# Spark Search Engine
Done by Artur Samigullin

This Notebook shows how to make indexing with a Spark Search Engine Library on a small use case

## Part I. Indexing Dataset

### Initialize Contexts
First of all, to work with Spark Search Engine you need to import pyspark library and initialize SparkContext and SQLContext

In [1]:
import findspark
findspark.init()

import pyspark
sc = pyspark.SparkContext()

from pyspark.sql import SQLContext
sqlc = SQLContext(sc)

### Import SearchEngine class
At this step you need to import SearchEngine class from SparkSearchEngineLib.SearchEngine package

In [2]:
from SparkSearchEngineLib.SearchEngine import SearchEngine

### Initialize instance of SearchEngine class
You need to pass two parameters to SearchEngine constructor - SparkContext and SQLContext

In [3]:
se = SearchEngine(sc,sqlc)

### Index your dataset
We assume that you made all preprocessing for your files, and we expect a folder that consists of textual files in format 'Token0 Token1 ... TokenN'

In [4]:
se.construct_index('./Dataset/')

## Part II. Use Search
To use search you need to have an SearchEngine instance with constructed index.
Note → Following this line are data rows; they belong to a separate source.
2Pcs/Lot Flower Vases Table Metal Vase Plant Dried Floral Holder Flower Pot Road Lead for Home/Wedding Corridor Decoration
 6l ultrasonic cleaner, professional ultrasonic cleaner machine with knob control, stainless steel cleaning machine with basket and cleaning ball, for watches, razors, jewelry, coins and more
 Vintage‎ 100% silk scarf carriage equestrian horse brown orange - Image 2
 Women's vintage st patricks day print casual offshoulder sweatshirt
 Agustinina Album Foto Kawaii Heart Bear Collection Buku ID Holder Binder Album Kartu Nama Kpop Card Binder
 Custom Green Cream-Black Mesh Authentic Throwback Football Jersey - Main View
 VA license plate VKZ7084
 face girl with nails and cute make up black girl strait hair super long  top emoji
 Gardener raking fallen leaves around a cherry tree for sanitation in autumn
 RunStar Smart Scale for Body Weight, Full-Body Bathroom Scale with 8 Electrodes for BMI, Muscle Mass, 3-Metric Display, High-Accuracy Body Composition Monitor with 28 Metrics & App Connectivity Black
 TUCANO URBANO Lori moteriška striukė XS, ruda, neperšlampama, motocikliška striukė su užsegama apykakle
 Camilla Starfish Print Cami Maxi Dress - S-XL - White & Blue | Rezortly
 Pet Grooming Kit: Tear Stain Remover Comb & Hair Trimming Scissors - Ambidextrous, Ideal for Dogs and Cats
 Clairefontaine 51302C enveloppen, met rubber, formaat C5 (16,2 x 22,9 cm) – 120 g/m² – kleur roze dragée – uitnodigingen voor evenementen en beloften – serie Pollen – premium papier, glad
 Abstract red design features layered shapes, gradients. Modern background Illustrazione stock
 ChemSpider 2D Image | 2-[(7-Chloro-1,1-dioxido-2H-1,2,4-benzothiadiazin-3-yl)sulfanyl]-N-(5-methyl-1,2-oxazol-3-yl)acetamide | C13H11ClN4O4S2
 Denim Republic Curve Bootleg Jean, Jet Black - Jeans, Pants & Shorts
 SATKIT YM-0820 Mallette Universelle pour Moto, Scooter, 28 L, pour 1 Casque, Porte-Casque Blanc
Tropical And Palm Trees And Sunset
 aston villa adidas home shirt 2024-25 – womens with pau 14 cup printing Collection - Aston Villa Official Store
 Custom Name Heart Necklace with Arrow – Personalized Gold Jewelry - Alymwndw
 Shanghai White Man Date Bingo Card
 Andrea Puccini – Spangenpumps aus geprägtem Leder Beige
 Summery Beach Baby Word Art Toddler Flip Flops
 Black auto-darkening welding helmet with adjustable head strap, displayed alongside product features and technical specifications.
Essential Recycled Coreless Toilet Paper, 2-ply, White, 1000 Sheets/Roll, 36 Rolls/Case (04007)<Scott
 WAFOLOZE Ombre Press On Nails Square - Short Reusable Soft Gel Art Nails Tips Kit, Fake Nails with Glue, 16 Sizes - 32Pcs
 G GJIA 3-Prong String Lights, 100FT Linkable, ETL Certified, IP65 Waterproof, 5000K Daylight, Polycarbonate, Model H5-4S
You can make it with *search( )* method.  
*search( )* method has one parameter - preprocessed query string with format 'Token0 Token1 ... TokenN'  
Method returns a list of links(filenames) with number of hits.

In [5]:
find_Python = se.search('Python')
find_Python.take(10)

['file:/Users/deusesx/Projects/P&MP/Dataset/3.txt has number of hits: 2',
 'file:/Users/deusesx/Projects/P&MP/Dataset/1.txt has number of hits: 1']

In [6]:
find_program = se.search('program')
find_program.take(10)

['file:/Users/deusesx/Projects/P&MP/Dataset/1.txt has number of hits: 2',
 'file:/Users/deusesx/Projects/P&MP/Dataset/2.txt has number of hits: 1']

In [7]:
find_both = se.search('program Python')
find_both.take(10)

['file:/Users/deusesx/Projects/P&MP/Dataset/1.txt has number of hits: 3',
 'file:/Users/deusesx/Projects/P&MP/Dataset/3.txt has number of hits: 2',
 'file:/Users/deusesx/Projects/P&MP/Dataset/2.txt has number of hits: 1']

## Part III. Files Manipulation
You can store your index in a *parquet* format. To make this just use *save_index( )* method.  
*save_index( )* method has one parameter - string with filename.  
Note that if filename is already exists, it will be overwritten by *save_index( )* method.

In [8]:
se.save_index('index.parquet')

In [9]:
se2 = SearchEngine(sc, sqlc)

You can load index from *parquet* format with *load_index( )* method.  
*load_index( )* method takes one parameter - filename.

In [10]:
se2.load_index('index.parquet')